Wait–Happy Marriages Exist? On Webb and Dowd Simpson

You may have seen that Webb Simpson, a devout Christian, just won the U. S. Open.  If you’re like me, you may not know much about him.  From the video above, he seems to be a godly husband and father (HT: Girltalk).  He and Dowd, his wife, seem to have a very happy marriage.

Let me say this: it is a beautiful thing to see a woman who wants to support, strengthen, and even better a man.  There really is something otherworldly about that–a rightly functioning, gospel-driven marriage is showing you a picture of Christ and his church.  There is elegance, aesthetic elegance, in seeing the elements of a godly union serve and encourage one another.
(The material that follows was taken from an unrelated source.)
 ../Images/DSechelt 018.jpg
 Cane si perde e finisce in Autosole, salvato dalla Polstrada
Happy marriages do exist.  The gospel powers them.

(Update: See CT’s coverage of Webb’s victory here)

  • truthunites

    Hi Owen,

    I’m a Bible-believing Christian who’s a mild sports nut. I’m pretty jazzed up with Tim Tebow, Jeremy Lin, Bubba Watson, Webb Simpson, some baseball players whose names I forget “coming out” victoriously as believers and witnesses to the awesome King of Kings, Jesus Christ.
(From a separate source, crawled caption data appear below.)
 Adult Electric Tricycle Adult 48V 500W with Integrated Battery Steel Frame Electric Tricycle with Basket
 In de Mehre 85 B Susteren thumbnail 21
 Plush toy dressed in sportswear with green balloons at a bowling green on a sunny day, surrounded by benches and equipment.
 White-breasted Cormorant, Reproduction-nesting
    Of course, there are some nay-sayers who say that it’s so lame that Christians should want and root for Christian “celebrity” professional athletes, but is that really so wrong of me? What do you think?

    I didn’t watch Webb Simpson’s victory; only read about it on the web on cnnsi.com, but I was so stoked to read that he came back from such a large deficit.

    So funny: The cnnsi story said that he was a man of deep religious conviction which I took as code word for “one of dem Christians” so I googled the Christianity Today story to verify that he was a Christian.

    • eric petraitis

      You don’t need to be a christian to have a good, strong marriage! Love and respect for one another is what matters, not some belief in mythology. Atheists can love their fellow human beings as much as, if not more than, any religious nut out there. So cut the crap about how wonderful you christians are! Our last president, a devout christian, declared war on an innocent nation some nine years ago! What happened to thou shall not kill?

      • Clay Porter

        Hi Eric,
        The commandment is more correctly translated “You shall do no murder”. The sane and reasonable application of it is to be aware that the wrongful taking of a life breaks God’s heart. Murder isn’t strictly the physical act of wrongfully taking another person’s life – it actually begins in the heart when a person harbors unforgiveness toward another, then progresses to hatred, then to acts of vengeance, and finally the taking of a life. This is why all Judeo-Christian legal systems (and most others) make distinctions between accidentally and willfully taking the life of another.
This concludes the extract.